BEGIN MATERIAL FOR THE TASK

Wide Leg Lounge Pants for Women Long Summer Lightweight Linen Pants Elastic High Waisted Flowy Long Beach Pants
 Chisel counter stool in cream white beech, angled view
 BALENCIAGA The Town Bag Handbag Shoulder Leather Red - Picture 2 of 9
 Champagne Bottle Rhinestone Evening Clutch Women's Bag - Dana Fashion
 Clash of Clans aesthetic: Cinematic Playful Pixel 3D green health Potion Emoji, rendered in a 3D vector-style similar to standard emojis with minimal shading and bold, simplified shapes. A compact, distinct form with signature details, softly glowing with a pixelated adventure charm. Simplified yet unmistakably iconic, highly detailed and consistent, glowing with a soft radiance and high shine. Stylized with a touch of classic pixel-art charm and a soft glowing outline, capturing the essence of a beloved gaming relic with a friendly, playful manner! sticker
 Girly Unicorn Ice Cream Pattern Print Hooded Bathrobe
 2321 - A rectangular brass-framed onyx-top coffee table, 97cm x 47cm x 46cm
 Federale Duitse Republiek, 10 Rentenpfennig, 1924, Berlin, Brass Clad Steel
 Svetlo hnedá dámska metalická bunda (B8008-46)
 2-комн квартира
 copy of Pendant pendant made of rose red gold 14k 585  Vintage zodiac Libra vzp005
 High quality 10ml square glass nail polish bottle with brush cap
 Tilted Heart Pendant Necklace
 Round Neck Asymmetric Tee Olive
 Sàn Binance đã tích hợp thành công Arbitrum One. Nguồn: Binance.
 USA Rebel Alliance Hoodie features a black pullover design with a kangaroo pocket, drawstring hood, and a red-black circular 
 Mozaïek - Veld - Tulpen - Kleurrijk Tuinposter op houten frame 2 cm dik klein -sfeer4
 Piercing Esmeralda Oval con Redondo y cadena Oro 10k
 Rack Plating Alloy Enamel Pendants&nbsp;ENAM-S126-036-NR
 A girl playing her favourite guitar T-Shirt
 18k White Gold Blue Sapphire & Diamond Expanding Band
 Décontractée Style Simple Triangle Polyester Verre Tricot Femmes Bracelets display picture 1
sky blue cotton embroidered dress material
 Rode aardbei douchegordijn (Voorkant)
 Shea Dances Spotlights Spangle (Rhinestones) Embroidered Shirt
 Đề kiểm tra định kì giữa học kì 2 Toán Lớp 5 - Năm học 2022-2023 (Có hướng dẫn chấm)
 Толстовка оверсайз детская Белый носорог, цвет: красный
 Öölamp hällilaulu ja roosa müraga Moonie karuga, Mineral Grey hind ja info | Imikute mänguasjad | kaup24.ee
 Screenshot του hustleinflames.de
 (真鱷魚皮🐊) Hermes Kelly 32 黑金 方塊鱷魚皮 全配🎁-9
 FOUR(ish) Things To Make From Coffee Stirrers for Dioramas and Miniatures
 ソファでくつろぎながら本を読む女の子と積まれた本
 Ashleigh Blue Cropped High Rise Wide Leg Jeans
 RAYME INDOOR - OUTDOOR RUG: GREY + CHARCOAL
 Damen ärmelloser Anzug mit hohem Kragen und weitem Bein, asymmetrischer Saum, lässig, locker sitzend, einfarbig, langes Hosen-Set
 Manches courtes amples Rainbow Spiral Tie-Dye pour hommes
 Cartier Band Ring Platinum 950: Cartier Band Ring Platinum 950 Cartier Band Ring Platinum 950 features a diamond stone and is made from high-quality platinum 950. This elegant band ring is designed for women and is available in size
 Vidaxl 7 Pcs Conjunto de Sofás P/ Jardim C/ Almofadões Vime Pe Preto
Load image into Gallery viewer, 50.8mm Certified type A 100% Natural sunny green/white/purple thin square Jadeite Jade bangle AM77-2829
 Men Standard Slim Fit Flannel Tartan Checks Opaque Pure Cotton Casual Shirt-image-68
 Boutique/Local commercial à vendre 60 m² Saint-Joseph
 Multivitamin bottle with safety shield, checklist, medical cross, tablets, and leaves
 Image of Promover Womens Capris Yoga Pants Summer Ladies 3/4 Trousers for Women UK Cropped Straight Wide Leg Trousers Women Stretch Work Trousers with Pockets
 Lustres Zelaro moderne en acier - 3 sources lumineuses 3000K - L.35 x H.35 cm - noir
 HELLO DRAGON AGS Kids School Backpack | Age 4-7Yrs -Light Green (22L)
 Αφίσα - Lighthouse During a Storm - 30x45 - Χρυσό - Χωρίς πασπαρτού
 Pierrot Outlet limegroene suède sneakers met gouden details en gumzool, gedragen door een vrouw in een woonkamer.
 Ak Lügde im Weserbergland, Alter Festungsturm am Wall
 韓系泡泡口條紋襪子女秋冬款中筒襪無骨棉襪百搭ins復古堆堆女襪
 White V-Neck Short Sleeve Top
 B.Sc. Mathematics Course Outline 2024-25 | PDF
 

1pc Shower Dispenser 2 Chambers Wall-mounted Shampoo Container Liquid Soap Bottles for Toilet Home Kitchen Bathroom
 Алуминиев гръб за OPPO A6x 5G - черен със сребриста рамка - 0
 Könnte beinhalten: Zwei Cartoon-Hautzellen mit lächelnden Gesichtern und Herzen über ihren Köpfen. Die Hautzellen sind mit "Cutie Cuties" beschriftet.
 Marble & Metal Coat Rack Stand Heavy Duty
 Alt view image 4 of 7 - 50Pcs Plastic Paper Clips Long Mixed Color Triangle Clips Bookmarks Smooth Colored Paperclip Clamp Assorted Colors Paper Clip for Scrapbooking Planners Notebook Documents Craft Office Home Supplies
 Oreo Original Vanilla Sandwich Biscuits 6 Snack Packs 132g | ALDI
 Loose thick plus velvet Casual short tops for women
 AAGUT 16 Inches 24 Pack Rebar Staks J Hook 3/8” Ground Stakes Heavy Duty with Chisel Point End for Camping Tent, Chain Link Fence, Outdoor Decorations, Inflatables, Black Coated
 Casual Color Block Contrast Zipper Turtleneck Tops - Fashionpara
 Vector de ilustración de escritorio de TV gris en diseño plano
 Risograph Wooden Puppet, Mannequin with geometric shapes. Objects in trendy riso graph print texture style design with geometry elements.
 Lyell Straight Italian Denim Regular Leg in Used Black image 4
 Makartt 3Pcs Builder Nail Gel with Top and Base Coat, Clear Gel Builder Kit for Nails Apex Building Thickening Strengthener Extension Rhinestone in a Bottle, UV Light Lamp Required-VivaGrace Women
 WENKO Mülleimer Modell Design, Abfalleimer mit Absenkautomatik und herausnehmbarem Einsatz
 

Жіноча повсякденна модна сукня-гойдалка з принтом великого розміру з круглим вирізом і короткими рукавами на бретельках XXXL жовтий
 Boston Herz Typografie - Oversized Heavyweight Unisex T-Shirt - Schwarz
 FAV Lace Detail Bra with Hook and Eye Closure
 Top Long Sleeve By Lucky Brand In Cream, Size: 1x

END MATERIAL FOR THE TASK

_TASK INSTRUCTIONS_. Filter the entries above down to the lines that hold the word "features", and copy those lines.

_ANSWER TO THIS EXERCISE_.
 USA Rebel Alliance Hoodie features a black pullover design with a kangaroo pocket, drawstring hood, and a red-black circular 
 Cartier Band Ring Platinum 950: Cartier Band Ring Platinum 950 Cartier Band Ring Platinum 950 features a diamond stone and is made from high-quality platinum 950. This elegant band ring is designed for women and is available in size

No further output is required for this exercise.